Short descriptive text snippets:
= = =

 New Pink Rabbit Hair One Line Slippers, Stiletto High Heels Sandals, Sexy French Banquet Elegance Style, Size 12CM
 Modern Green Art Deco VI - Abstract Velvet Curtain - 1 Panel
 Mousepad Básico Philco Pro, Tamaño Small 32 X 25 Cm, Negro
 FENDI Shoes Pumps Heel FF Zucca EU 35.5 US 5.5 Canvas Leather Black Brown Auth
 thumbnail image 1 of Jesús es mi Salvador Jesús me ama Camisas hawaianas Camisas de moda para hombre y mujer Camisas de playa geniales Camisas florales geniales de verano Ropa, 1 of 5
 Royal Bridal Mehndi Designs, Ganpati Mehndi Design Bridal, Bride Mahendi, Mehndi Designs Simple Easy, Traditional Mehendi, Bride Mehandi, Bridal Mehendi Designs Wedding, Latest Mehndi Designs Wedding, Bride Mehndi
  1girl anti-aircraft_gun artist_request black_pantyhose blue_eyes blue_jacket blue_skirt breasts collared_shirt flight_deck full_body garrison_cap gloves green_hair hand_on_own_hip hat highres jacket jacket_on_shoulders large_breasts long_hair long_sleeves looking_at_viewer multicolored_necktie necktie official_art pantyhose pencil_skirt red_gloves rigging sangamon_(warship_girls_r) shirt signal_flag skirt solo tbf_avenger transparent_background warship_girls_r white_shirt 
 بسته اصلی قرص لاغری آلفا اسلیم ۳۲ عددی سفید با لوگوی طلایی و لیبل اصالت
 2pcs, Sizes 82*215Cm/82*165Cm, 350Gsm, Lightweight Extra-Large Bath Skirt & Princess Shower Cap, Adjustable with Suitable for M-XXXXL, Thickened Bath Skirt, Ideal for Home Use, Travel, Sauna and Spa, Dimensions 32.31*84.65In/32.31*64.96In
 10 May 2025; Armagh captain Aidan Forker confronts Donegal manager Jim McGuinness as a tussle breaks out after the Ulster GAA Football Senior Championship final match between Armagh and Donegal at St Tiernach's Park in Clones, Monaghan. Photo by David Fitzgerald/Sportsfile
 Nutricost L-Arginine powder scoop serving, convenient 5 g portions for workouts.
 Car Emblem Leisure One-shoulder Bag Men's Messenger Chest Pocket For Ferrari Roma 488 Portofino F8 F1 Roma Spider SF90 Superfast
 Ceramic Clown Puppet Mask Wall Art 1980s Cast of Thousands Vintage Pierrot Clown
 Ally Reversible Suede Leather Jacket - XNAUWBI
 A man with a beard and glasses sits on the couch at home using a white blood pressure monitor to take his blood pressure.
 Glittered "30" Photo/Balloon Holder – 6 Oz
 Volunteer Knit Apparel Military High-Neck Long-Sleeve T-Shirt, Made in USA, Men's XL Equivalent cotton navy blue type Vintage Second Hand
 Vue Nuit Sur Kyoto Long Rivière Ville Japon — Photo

= = =

Work task:
Your answer must be the lines above, unchanged, from the first one through the line that holds "Royal Bridal Mehndi", inclusive, and no others.

Problem solution:
 New Pink Rabbit Hair One Line Slippers, Stiletto High Heels Sandals, Sexy French Banquet Elegance Style, Size 12CM
 Modern Green Art Deco VI - Abstract Velvet Curtain - 1 Panel
 Mousepad Básico Philco Pro, Tamaño Small 32 X 25 Cm, Negro
 FENDI Shoes Pumps Heel FF Zucca EU 35.5 US 5.5 Canvas Leather Black Brown Auth
 thumbnail image 1 of Jesús es mi Salvador Jesús me ama Camisas hawaianas Camisas de moda para hombre y mujer Camisas de playa geniales Camisas florales geniales de verano Ropa, 1 of 5
 Royal Bridal Mehndi Designs, Ganpati Mehndi Design Bridal, Bride Mahendi, Mehndi Designs Simple Easy, Traditional Mehendi, Bride Mehandi, Bridal Mehendi Designs Wedding, Latest Mehndi Designs Wedding, Bride Mehndi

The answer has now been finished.